━━ Data records ━━

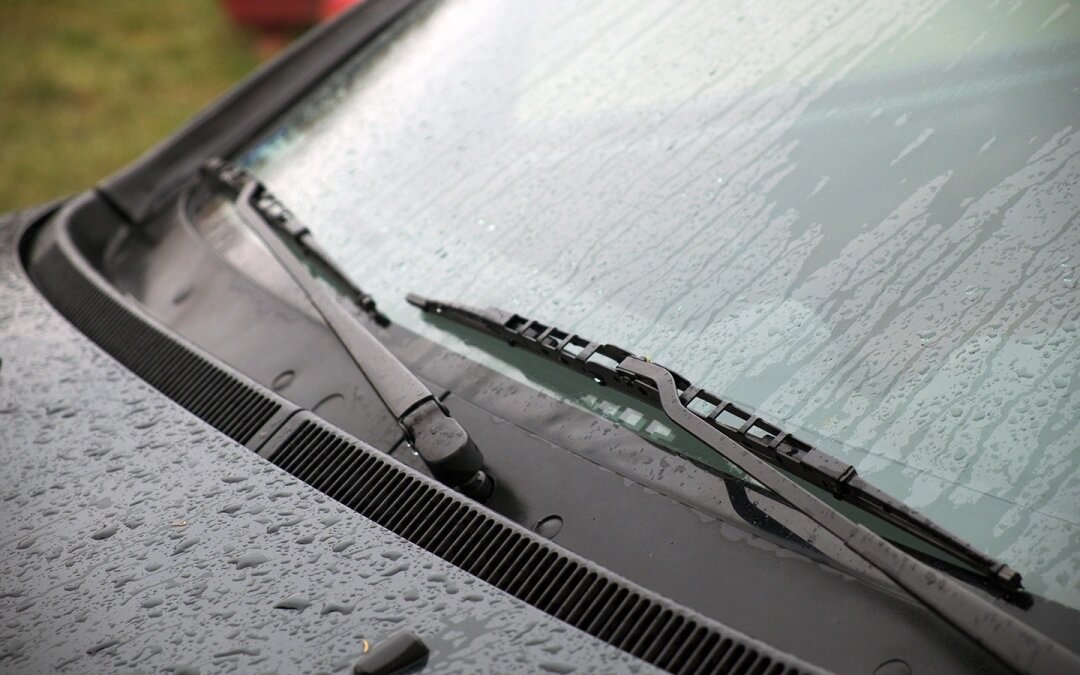 Фото: Shutterstock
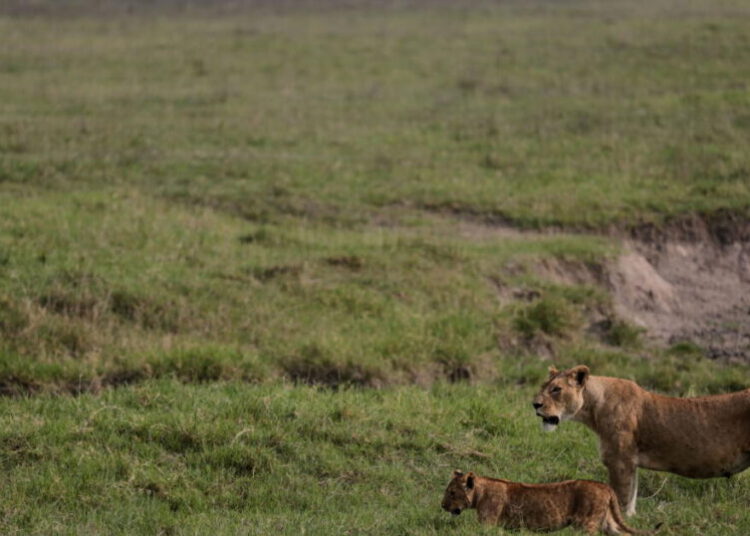 Poisoning suspected in deaths of 10 lions in Tanzania conservation area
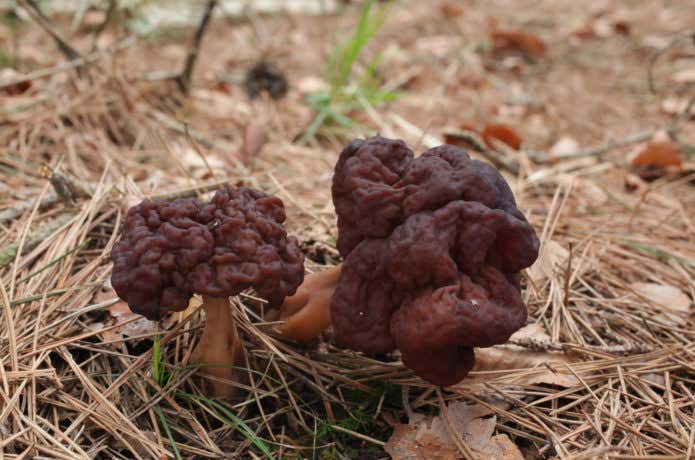 『日本の毒キノコ 150種』小山昇平 著 初の毒きのこカラー図鑑 稀覯本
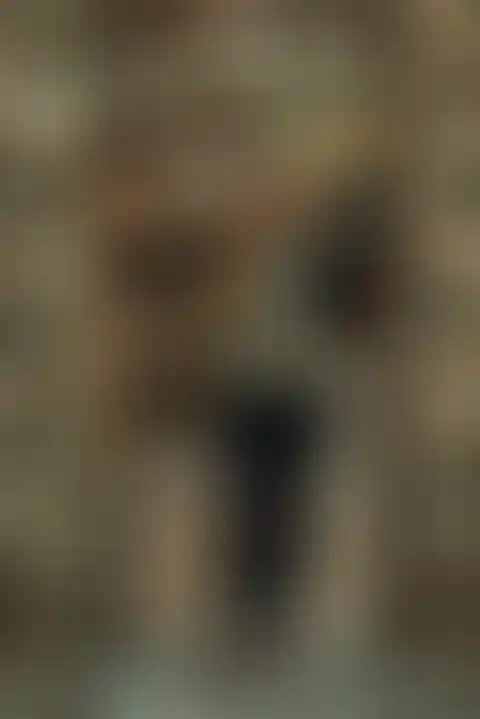 western-vest-Hypridvest-westernoutfit-naylon-frauen_outfit-cowgirl_ranch-girls_functionvest_westerriding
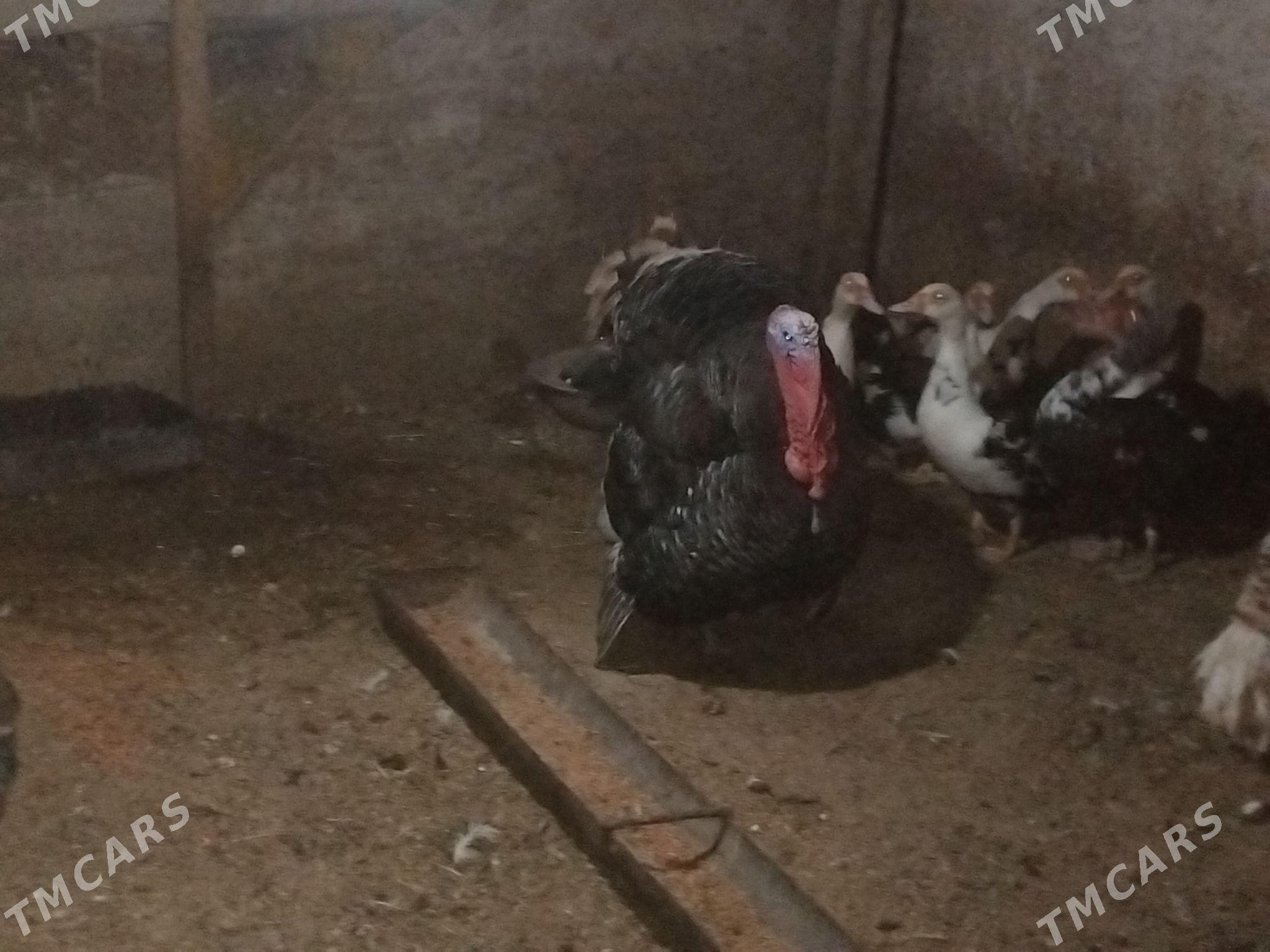 induk horaz - Gökdepe - img 1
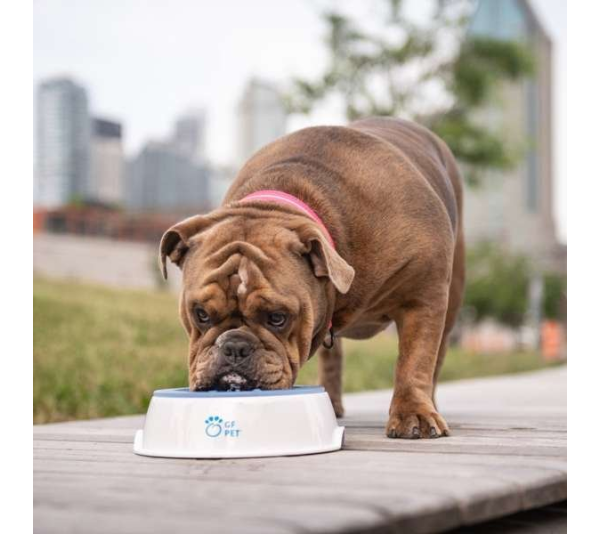 White - GF Pet  Ice Bowl - One Size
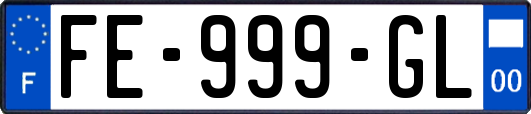 FE-999-GL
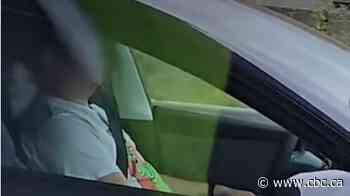 Sleeping Trans-Canada Tesla drivers caught on video, fined $368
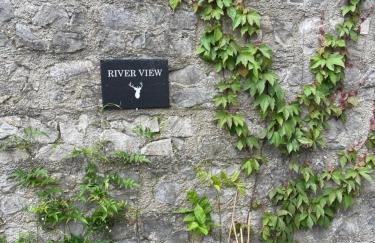 River View - Photo 3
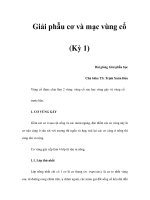 Giải phẫu cơ và mạc vùng cổ (Kỳ 1) pps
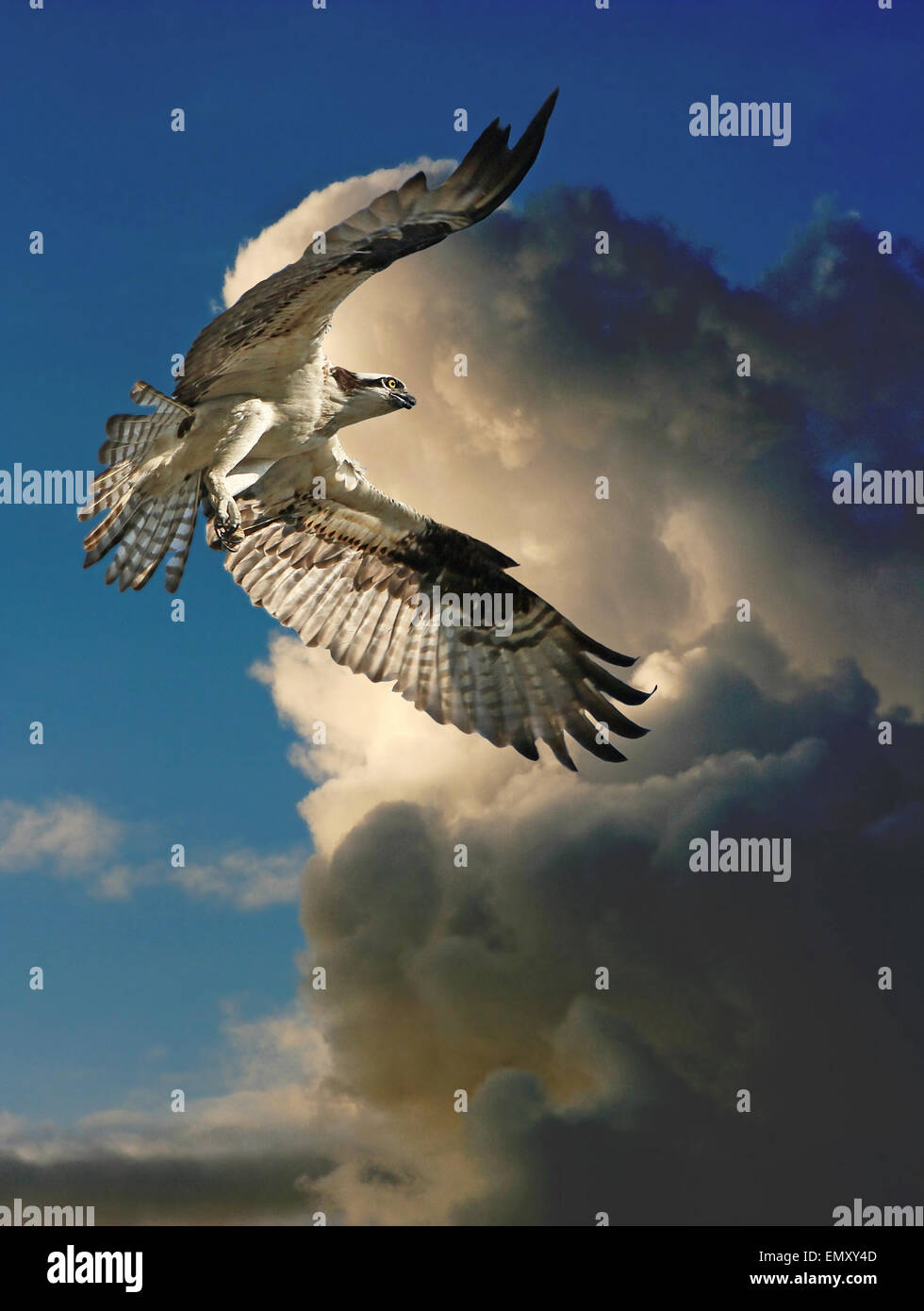 Un balbuzard pêcheur vole dans les nuages de son nid. Banque D'Images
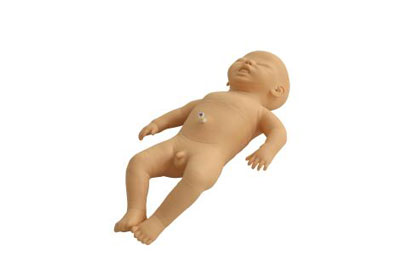 新生兒護理模型（男/女）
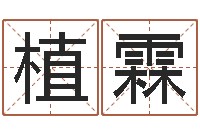 王植霖大连人文取名软件命格大全-免费给小孩起名字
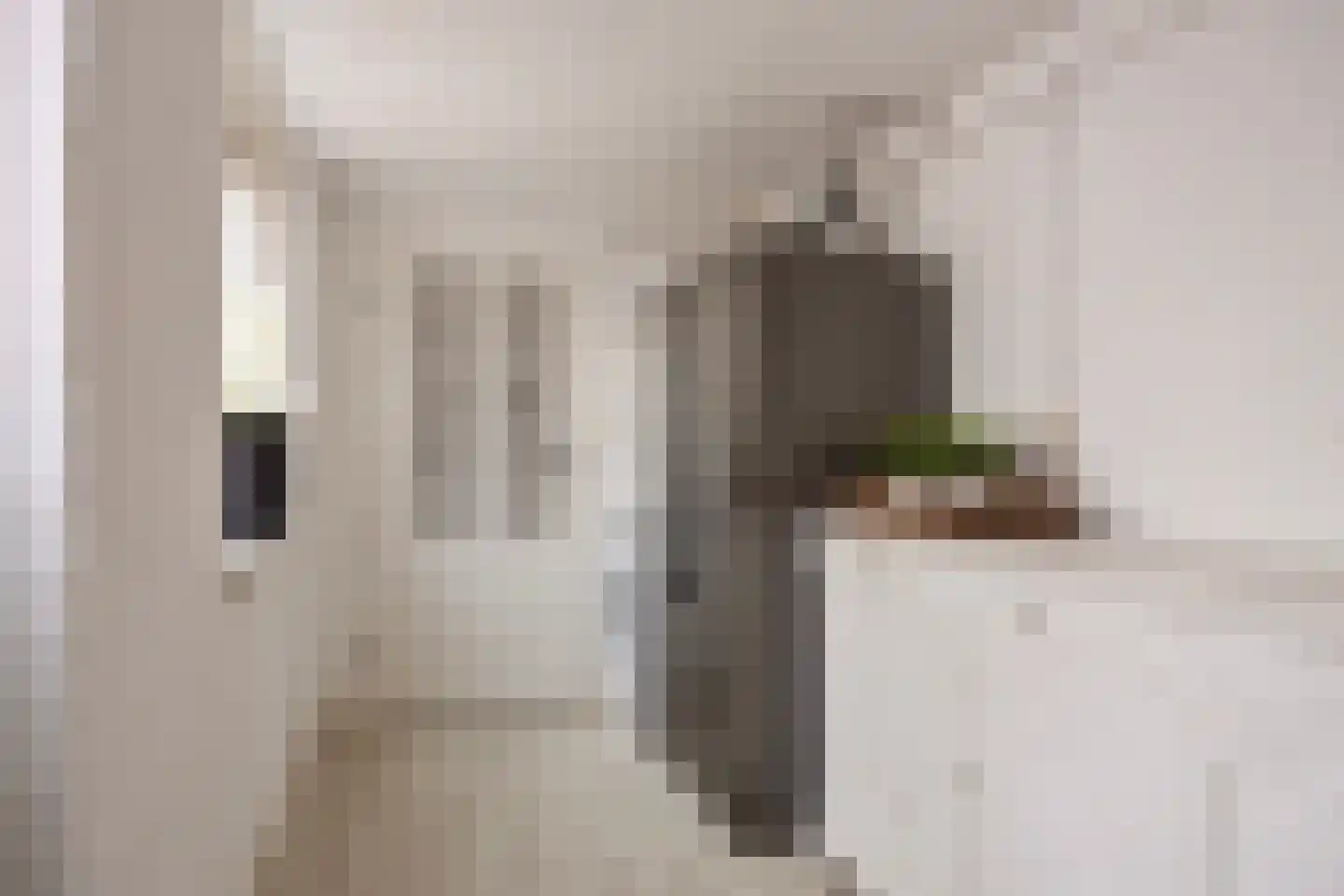 Haydnstraat 6 Losser thumbnail 21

━━━

▶ _Aim of the exercise_
Output the entries above verbatim, with no picture included.

▶ _Response for this exercise_
 Фото: Shutterstock
 Poisoning suspected in deaths of 10 lions in Tanzania conservation area
 『日本の毒キノコ 150種』小山昇平 著 初の毒きのこカラー図鑑 稀覯本
 western-vest-Hypridvest-westernoutfit-naylon-frauen_outfit-cowgirl_ranch-girls_functionvest_westerriding
 induk horaz - Gökdepe - img 1
 White - GF Pet  Ice Bowl - One Size
 FE-999-GL
 Sleeping Trans-Canada Tesla drivers caught on video, fined $368
 River View - Photo 3
 Giải phẫu cơ và mạc vùng cổ (Kỳ 1) pps
 Un balbuzard pêcheur vole dans les nuages de son nid. Banque D'Images
 新生兒護理模型（男/女）
 王植霖大连人文取名软件命格大全-免费给小孩起名字
 Haydnstraat 6 Losser thumbnail 21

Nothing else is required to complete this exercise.